My idea is, as long as we’re talking about reforms that require changing the Constitution, why not go whole hog and just get rid of the states?
The Oracle may be interested in other people having more than one arrow in their quivers.
If I had to put the desirability of Constitutional amendments in order of priority, overrule the Citizens case would not be at the top of my list.
At the top would be a ban on gerrymandering, a requirement that neither house take secret action, except in cases of true national security concerns; and a requirement that actions in the House and Senate be my majority action and only majority action–no super majorities and no single vote secret holds.
Citizens could unite and make candidates take a pledge on those things, ala Grover Norquist and his tax pledge. But, we probably won’t. Apparently, Americans far prefer complaining about the status quo to taking action for any actual change.
Isn’t that why we keep voting for either Republicans with an (R) after their names or Republicans with a (D) after their names?
It’s not either or.
We could walk and chew gum, demanding both fair processes and fair results. Otherwise, the deceivers whom we keep electing will simply throw up their hands and blame everything on Senate rules or whatever. And most Americans will either believe them or not care enough.
Depends on your definition of “progressive.”
Originally, political “Progressives” consisted of the left wing of the Republican Party.
They are doing just fine in Congress. Liberals, not so much.
Deep Throat, through Woodward and Bernstein and the Washington Post Editorial Board blew the whistle on Nixon.

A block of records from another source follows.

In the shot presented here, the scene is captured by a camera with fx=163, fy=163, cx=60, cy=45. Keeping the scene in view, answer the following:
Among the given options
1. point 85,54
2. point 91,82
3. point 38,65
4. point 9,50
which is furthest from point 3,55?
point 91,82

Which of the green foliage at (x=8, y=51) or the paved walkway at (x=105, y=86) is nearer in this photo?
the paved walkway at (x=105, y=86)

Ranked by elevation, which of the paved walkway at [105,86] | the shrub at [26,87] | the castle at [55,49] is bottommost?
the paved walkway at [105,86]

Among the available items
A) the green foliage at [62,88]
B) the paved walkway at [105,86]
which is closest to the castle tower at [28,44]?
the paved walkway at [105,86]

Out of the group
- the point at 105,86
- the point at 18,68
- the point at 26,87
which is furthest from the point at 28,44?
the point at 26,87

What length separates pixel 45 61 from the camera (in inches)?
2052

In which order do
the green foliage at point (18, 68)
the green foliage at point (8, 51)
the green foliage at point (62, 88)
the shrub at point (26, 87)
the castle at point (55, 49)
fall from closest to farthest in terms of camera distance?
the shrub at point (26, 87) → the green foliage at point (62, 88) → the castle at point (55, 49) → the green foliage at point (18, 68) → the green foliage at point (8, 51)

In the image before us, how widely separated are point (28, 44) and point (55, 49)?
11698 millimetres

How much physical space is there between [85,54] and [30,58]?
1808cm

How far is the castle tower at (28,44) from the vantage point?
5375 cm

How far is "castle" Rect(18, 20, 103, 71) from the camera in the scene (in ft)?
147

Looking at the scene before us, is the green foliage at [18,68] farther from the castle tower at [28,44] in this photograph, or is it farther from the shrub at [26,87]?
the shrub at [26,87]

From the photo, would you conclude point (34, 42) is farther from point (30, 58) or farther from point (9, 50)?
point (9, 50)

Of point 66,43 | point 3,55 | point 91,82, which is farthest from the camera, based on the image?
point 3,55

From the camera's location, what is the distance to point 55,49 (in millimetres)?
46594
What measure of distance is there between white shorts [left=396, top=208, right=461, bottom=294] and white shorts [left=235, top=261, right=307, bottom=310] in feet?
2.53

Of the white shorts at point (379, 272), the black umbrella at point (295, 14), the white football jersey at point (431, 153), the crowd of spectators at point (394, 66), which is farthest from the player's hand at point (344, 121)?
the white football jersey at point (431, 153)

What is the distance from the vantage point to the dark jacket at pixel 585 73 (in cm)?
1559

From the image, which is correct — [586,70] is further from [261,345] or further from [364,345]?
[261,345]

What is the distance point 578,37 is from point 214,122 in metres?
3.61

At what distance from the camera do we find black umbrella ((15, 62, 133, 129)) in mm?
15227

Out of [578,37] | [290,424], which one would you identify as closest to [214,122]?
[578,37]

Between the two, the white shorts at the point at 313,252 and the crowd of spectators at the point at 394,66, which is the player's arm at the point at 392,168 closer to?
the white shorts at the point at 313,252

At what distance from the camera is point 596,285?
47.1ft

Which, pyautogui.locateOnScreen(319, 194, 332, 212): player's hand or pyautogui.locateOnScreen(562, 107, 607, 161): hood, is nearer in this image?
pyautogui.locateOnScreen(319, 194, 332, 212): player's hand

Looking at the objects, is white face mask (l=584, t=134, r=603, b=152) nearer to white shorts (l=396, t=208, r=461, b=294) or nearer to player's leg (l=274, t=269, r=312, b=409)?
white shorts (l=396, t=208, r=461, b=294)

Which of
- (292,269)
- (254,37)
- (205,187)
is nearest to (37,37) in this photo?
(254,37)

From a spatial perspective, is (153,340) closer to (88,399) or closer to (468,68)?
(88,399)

Sam Ervin headed the Senate Committee that eventually “investigated” claims that had already been published. It did produce additional evidence, but did not begin hearings until May, 1973, about a year after the connection between the breakin and Republican Party money had hit the press in June of 1972.

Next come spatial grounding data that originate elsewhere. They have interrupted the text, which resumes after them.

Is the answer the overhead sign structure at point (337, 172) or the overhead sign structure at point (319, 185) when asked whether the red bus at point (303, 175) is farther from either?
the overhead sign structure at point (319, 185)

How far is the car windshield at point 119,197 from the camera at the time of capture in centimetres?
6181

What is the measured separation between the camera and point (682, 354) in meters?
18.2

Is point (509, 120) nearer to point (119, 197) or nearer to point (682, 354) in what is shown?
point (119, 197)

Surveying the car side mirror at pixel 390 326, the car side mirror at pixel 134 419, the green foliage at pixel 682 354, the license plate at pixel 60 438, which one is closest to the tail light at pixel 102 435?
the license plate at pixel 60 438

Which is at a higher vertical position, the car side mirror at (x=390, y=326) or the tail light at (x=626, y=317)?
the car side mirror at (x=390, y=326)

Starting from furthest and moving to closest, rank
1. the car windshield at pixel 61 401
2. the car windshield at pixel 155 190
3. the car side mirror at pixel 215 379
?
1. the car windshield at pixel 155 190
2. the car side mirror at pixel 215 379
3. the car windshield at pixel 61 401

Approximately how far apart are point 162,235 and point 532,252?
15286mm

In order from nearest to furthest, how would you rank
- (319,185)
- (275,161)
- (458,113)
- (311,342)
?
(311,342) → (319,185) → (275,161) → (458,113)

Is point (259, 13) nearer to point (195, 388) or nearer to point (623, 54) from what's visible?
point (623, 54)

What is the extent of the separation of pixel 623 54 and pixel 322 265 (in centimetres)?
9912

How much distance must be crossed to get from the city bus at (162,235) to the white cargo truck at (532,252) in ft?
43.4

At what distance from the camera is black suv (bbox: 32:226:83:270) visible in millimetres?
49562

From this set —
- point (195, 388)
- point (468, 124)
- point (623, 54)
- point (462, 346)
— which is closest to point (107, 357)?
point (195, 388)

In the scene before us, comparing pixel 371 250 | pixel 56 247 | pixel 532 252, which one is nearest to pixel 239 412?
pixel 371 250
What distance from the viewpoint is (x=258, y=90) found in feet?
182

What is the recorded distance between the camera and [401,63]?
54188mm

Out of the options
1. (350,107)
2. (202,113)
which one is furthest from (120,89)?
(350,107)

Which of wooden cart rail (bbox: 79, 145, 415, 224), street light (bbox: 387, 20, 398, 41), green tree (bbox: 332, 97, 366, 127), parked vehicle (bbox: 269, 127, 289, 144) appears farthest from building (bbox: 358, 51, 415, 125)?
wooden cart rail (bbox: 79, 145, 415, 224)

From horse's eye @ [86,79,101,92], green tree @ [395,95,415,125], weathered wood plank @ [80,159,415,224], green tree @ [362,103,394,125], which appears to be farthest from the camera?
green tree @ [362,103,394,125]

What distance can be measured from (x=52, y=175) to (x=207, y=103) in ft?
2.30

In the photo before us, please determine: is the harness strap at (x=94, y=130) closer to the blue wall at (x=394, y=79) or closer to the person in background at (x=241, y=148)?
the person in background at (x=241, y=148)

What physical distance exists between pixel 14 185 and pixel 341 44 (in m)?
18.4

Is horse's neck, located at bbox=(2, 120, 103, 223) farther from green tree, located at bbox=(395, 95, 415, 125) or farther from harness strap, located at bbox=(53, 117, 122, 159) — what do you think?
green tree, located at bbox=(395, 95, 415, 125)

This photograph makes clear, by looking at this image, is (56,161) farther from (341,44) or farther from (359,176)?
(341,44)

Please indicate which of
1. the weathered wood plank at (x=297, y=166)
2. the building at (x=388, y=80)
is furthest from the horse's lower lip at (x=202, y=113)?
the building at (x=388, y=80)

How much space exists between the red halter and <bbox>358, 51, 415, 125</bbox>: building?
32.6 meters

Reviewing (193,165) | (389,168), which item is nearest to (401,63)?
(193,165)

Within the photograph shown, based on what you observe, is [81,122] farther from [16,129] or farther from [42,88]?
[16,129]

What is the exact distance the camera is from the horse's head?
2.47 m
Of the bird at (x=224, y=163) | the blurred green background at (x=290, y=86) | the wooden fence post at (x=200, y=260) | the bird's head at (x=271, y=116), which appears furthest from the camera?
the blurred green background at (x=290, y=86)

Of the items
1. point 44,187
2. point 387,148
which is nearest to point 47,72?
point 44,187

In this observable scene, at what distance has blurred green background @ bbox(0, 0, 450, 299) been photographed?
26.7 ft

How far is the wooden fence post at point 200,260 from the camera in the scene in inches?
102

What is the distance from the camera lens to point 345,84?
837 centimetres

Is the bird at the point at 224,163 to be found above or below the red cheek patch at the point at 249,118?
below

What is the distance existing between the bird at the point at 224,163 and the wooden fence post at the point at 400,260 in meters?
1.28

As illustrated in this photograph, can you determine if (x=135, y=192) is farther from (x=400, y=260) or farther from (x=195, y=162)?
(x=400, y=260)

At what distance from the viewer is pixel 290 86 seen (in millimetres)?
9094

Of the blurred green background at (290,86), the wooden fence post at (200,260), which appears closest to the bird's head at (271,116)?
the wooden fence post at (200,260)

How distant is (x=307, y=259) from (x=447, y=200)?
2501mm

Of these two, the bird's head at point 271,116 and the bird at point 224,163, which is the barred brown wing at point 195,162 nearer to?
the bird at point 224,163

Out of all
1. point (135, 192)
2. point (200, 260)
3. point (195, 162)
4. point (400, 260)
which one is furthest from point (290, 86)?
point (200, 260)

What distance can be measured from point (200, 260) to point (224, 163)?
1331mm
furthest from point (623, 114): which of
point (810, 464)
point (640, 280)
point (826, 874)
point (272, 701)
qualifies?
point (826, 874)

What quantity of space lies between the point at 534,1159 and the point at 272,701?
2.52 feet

http://en.wikipedia.org/wiki/Watergate_scandal
Yes, a sharp stick in the eye of Democratic voters.
I think the SCOTUS declared unconstitutional the part of the ACA that gave the Feds leverage over the states as far as expanding Medicaid or losing all Medicaid funds.
I know that your post made a somewhat different point, but I just thought I would mention that.
The SCOTUS, thanks to Roberts, upheld the mandate, which is the worst part of the ACA, IMO. However, thanks to the Republicans plus Kagan and Breyer, in the same case, the court struck down the bit when the feds could deny states all Medicaid funds unless they went along with expanding Medicaid.
So, ACA may well have left the poorest people twisting in the wind, while bailing out the industries that profit handsomely from human illness.
Meh. What’s new.
In addition to the map, Wiki has some history of gerrymandering and the guy who thought it up here in MA. It has been around exactly 200 years, quite awhile, no?
I’d bet the prospects of stopping gerrymandering, or adopting NPV for that matter, are about as likely as eliminating the filibuster — zilch, unfortunately.
http://en.wikipedia.org/wiki/Gerrymander
http://en.wikipedia.org/wiki/Elbridge_Gerry
According to Elbridge Gerry’s wiki to which you linked, Gerry did not make up gerrymandering. he did not even approve of it. The Republican state legislature did and, for whatever reason, probably tribal politics, Gerry signed the bill.
Re: #29
Thanks for the comment. One article says Gerry opposed, but signed the bill. The other article says Gerry signed the bill to favor his Democratic-Republican party.
It’s hard to know exactly what was on his mind after all these years, but it would seem he was conflicted enough. Maybe the political exigencies got the better of his judgment in the end. The Boston Gazette laid blame on his desk.